» **WHAT IS BEING ASKED**:
Each record below is to be restated word for word.

------------------------------------------------

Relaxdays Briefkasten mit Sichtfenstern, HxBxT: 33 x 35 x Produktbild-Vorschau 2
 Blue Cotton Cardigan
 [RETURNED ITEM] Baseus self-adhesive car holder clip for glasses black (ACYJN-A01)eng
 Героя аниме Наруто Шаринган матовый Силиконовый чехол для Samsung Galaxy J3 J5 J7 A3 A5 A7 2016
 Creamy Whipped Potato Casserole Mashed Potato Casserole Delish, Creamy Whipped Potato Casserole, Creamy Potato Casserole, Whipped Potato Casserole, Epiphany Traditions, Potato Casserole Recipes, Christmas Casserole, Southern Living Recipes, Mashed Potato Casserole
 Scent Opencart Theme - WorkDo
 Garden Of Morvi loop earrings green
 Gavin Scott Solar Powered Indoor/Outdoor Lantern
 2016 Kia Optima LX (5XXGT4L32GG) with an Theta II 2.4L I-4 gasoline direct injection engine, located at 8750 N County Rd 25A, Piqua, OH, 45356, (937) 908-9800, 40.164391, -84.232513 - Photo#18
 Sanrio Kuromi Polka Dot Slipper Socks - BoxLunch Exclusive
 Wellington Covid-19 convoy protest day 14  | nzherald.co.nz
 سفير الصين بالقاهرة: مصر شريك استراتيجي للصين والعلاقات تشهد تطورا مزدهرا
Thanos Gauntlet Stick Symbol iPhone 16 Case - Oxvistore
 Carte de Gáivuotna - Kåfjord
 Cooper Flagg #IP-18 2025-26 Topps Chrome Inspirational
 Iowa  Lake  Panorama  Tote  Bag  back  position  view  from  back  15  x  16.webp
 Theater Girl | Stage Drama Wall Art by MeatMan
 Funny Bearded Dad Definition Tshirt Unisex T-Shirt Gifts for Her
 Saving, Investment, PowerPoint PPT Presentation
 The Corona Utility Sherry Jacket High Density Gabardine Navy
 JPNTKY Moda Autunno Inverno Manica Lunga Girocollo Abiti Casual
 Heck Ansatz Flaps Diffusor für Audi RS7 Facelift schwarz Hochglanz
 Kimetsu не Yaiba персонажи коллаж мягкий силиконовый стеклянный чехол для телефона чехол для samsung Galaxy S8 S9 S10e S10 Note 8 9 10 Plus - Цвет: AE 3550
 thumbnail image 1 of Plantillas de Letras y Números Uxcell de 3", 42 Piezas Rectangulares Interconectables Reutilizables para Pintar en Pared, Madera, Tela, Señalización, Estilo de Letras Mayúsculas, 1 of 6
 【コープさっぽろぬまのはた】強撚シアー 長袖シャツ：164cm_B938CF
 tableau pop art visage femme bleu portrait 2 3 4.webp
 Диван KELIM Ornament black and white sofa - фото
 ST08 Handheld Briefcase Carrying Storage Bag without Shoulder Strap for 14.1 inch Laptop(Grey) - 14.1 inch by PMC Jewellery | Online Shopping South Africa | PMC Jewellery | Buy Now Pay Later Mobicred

------------------------------------------------

» **ANSWER TO THE EXERCISE**:
Relaxdays Briefkasten mit Sichtfenstern, HxBxT: 33 x 35 x Produktbild-Vorschau 2
 Blue Cotton Cardigan
 [RETURNED ITEM] Baseus self-adhesive car holder clip for glasses black (ACYJN-A01)eng
 Героя аниме Наруто Шаринган матовый Силиконовый чехол для Samsung Galaxy J3 J5 J7 A3 A5 A7 2016
 Creamy Whipped Potato Casserole Mashed Potato Casserole Delish, Creamy Whipped Potato Casserole, Creamy Potato Casserole, Whipped Potato Casserole, Epiphany Traditions, Potato Casserole Recipes, Christmas Casserole, Southern Living Recipes, Mashed Potato Casserole
 Scent Opencart Theme - WorkDo
 Garden Of Morvi loop earrings green
 Gavin Scott Solar Powered Indoor/Outdoor Lantern
 2016 Kia Optima LX (5XXGT4L32GG) with an Theta II 2.4L I-4 gasoline direct injection engine, located at 8750 N County Rd 25A, Piqua, OH, 45356, (937) 908-9800, 40.164391, -84.232513 - Photo#18
 Sanrio Kuromi Polka Dot Slipper Socks - BoxLunch Exclusive
 Wellington Covid-19 convoy protest day 14  | nzherald.co.nz
 سفير الصين بالقاهرة: مصر شريك استراتيجي للصين والعلاقات تشهد تطورا مزدهرا
Thanos Gauntlet Stick Symbol iPhone 16 Case - Oxvistore
 Carte de Gáivuotna - Kåfjord
 Cooper Flagg #IP-18 2025-26 Topps Chrome Inspirational
 Iowa  Lake  Panorama  Tote  Bag  back  position  view  from  back  15  x  16.webp
 Theater Girl | Stage Drama Wall Art by MeatMan
 Funny Bearded Dad Definition Tshirt Unisex T-Shirt Gifts for Her
 Saving, Investment, PowerPoint PPT Presentation
 The Corona Utility Sherry Jacket High Density Gabardine Navy
 JPNTKY Moda Autunno Inverno Manica Lunga Girocollo Abiti Casual
 Heck Ansatz Flaps Diffusor für Audi RS7 Facelift schwarz Hochglanz
 Kimetsu не Yaiba персонажи коллаж мягкий силиконовый стеклянный чехол для телефона чехол для samsung Galaxy S8 S9 S10e S10 Note 8 9 10 Plus - Цвет: AE 3550
 thumbnail image 1 of Plantillas de Letras y Números Uxcell de 3", 42 Piezas Rectangulares Interconectables Reutilizables para Pintar en Pared, Madera, Tela, Señalización, Estilo de Letras Mayúsculas, 1 of 6
 【コープさっぽろぬまのはた】強撚シアー 長袖シャツ：164cm_B938CF
 tableau pop art visage femme bleu portrait 2 3 4.webp
 Диван KELIM Ornament black and white sofa - фото
 ST08 Handheld Briefcase Carrying Storage Bag without Shoulder Strap for 14.1 inch Laptop(Grey) - 14.1 inch by PMC Jewellery | Online Shopping South Africa | PMC Jewellery | Buy Now Pay Later Mobicred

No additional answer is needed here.